=== Your objective ===
Produce word for word the lines of the data below running from the one that has "Living room with a" to the one that has "Sushi on stone black background", inclusive, and no others.
** Data supplied follows **
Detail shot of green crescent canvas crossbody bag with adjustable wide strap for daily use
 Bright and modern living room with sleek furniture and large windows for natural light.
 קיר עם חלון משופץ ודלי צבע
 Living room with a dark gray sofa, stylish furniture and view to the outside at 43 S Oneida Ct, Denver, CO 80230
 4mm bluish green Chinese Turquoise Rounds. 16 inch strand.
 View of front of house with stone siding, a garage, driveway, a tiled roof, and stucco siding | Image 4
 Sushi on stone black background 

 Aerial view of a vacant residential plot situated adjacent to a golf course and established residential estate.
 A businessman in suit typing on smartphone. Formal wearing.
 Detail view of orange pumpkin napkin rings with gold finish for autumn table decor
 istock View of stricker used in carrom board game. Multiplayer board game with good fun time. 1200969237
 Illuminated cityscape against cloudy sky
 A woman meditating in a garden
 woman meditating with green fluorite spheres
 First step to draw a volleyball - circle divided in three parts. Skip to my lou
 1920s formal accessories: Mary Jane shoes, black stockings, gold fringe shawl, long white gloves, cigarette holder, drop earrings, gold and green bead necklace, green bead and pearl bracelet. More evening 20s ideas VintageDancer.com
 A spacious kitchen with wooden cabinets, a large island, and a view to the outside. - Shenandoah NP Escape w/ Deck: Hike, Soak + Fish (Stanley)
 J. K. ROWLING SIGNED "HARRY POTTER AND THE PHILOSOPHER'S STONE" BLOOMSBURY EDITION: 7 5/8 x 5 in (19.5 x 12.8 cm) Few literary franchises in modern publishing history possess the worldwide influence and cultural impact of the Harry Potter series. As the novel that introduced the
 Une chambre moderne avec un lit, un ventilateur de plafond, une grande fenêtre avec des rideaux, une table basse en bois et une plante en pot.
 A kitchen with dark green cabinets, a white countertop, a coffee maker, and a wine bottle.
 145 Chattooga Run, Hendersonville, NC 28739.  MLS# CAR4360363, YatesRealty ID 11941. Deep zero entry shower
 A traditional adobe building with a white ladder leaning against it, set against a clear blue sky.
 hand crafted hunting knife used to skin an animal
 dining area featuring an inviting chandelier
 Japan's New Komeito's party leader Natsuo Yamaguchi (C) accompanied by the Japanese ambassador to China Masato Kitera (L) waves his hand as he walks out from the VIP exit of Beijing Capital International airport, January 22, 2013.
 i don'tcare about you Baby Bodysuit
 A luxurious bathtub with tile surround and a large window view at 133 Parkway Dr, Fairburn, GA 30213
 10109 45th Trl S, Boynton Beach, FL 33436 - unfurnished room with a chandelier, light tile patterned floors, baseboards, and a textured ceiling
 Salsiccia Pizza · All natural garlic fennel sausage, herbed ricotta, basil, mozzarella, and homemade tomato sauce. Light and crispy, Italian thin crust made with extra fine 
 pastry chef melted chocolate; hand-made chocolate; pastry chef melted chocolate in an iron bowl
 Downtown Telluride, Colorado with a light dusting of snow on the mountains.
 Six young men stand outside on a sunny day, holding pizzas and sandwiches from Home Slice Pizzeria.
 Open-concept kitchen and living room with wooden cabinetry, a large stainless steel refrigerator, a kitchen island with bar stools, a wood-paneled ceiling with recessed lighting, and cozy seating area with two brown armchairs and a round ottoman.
** End of Data supplied **
=== Answer ===
 Living room with a dark gray sofa, stylish furniture and view to the outside at 43 S Oneida Ct, Denver, CO 80230
 4mm bluish green Chinese Turquoise Rounds. 16 inch strand.
 View of front of house with stone siding, a garage, driveway, a tiled roof, and stucco siding | Image 4
 Sushi on stone black background 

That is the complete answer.